Solve the following differential equations: (i) \(y x^{y-1} d x+x^{y} \ln x d y=0\) (ii) \(\mathrm{ye}^{-\pi / \mathrm{y}} \mathrm{dx}-\left(\mathrm{xe}^{-\mathrm{x} / \mathrm{y}}+\mathrm{y}^{3}\right) \mathrm{dy}=0\)

Short answer

To summarize, we have solved the given differential equations: 1. For equation (i) \( y x^{y-1} dx + x^y \ln x dy = 0\), the solution is \(y \ln x = -\int \frac{y x^{y-1}}{x\ln x} dx - c\). 2. For equation (ii) \( ye^{-\pi / y}dx - (xe^{-x / y} + y^3) dy = 0\), the solution is \(xy e^{-\pi/y} - \frac{1}{4}y^4 = C\).

Step-by-step solution

Solve the first differential equation #(i) y x^{y-1} dx + x^y \ln x dy = 0.

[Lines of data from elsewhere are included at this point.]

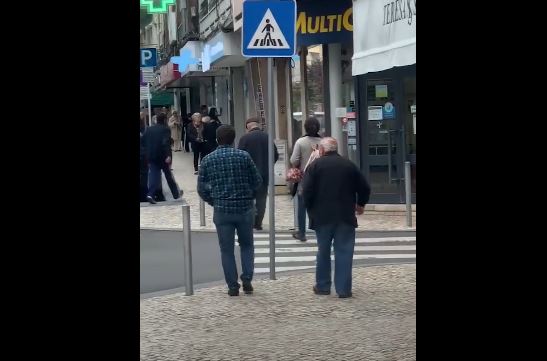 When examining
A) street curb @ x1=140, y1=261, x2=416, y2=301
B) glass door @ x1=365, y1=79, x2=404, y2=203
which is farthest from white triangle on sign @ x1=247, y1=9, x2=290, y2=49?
glass door @ x1=365, y1=79, x2=404, y2=203

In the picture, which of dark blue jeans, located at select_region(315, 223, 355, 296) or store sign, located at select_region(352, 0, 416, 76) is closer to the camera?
dark blue jeans, located at select_region(315, 223, 355, 296)

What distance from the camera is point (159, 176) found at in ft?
67.5

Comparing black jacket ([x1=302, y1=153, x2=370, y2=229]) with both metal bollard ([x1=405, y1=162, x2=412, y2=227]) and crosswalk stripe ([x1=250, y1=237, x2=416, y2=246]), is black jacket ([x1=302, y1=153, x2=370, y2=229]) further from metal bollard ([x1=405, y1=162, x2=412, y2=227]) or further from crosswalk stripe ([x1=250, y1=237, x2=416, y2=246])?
metal bollard ([x1=405, y1=162, x2=412, y2=227])

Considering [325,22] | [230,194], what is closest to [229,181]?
[230,194]

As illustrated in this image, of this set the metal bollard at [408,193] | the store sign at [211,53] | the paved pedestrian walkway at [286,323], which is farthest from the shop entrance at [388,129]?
the store sign at [211,53]

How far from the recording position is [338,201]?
33.7 ft

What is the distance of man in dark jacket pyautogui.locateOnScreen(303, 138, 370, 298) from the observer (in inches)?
404

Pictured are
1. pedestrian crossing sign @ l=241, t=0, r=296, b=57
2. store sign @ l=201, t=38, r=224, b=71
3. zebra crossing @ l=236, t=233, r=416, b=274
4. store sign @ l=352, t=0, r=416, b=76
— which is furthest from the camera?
store sign @ l=201, t=38, r=224, b=71

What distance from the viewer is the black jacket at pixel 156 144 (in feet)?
65.9

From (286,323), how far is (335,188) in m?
1.70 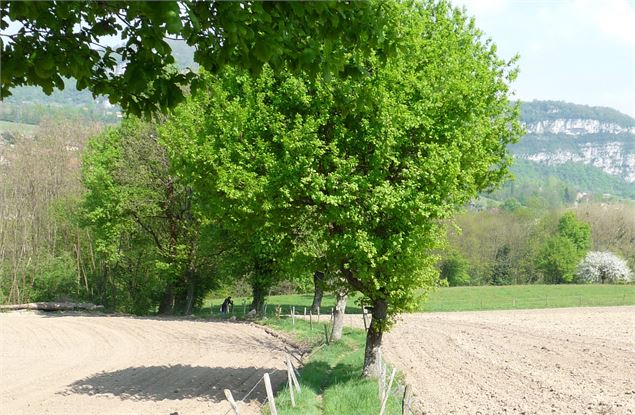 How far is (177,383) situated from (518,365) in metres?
13.8

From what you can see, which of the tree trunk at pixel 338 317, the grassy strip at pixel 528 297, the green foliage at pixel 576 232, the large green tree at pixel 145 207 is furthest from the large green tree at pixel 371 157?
the green foliage at pixel 576 232

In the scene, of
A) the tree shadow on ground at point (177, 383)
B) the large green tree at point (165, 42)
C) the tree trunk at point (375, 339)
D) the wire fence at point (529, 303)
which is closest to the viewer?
the large green tree at point (165, 42)

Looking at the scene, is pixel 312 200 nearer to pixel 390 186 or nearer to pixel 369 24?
pixel 390 186

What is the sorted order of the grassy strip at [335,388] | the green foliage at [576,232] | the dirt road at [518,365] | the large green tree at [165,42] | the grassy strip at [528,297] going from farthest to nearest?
the green foliage at [576,232] < the grassy strip at [528,297] < the dirt road at [518,365] < the grassy strip at [335,388] < the large green tree at [165,42]

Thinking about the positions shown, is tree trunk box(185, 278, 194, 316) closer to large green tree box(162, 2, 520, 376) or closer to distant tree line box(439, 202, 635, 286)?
large green tree box(162, 2, 520, 376)

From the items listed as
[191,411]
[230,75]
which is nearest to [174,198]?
[230,75]

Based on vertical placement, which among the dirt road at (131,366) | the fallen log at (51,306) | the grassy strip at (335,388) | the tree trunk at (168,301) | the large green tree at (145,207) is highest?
the large green tree at (145,207)

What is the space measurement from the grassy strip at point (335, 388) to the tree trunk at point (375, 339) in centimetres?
47

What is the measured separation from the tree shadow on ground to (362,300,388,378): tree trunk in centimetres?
300

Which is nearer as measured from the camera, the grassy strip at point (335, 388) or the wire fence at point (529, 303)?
the grassy strip at point (335, 388)

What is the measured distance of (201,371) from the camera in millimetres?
24312

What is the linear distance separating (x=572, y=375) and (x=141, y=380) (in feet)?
51.6

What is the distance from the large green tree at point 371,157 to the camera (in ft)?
58.4

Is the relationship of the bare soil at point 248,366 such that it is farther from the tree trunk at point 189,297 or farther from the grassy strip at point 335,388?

For this equation, we will use the substitution method. Let \(v = y \ln x\). Then, differentiate \(v\) with respect to \(x\) and use the chain rule: \(v_x = y x^{y-1}.\) Now, we can rewrite the given equation as: \(v_x dx + x^y \ln xd(v) = 0\) Divide the entire equation by \((x\ln x)\): \(\frac{v_x dx}{x\ln x} + \frac{x^y d(v)}{x^y} = 0\) \(\frac{v_x dx}{x\ln x} + d(v) = 0\) Now, integrate both terms: \(\int \frac{v_x}{x\ln x} dx = -\int d(v)\) \(-v = \int \frac{v_x}{x\ln x} dx + c\) Substitute \(v\) back into the equation: \( -y \ln x = \int \frac{y x^{y-1}}{x\ln x} dx + c\) \(y \ln x = -\int \frac{y x^{y-1}}{x\ln x} dx - c\) Now, we have solved equation (i).

Solve the second differential equation #(ii) ye^{-\pi / y}dx - (xe^{-x / y} + y^3) dy = 0.

First, check if the given differential equation is exact by calculating \(M_x\) and \(N_y\): \(M = y e^{-\pi/y}\) and \(N = -x e^{-x/y} - y^3\) \(M_x = -\frac{\pi}{y^2} e^{-\pi/y}\) and \(N_y = \frac{x}{y^2} e^{-x/y} - 3y^2\) Since \(M_x = N_y\), this differential equation is exact. Now, we integrate \(M\) with respect to \(x\), and \(N\) with respect to \(y\): \(\int M dx = \int y e^{-\pi/y} dx = xy e^{-\pi/y} + f(y)\) \(\int N dy = \int (-x e^{-x/y} - y^3) dy = -xy e^{-x/y} - \frac{1}{4}y^4 + g(x)\) Now, to find the potential function \(\phi(x,y)\), we need to find functions \(f(y)\) and \(g(x)\) such that: \(\phi(x,y) = xy e^{-\pi/y} + f(y) = -xy e^{-x/y} - \frac{1}{4}y^4 + g(x)\) The only way \(\phi(x, y)\) can be equal on both sides of the equation is when \(f(y)= - \frac{1}{4}y^4\) and \(g(x) = 0\). Therefore, the potential function is: \(\phi(x,y) = xy e^{-\pi/y} - \frac{1}{4}y^4\) To solve this equation, we set \(\phi(x, y) = C\). Thus, the solution is: \(xy e^{-\pi/y} - \frac{1}{4}y^4 = C\) Now, we have solved equation (ii).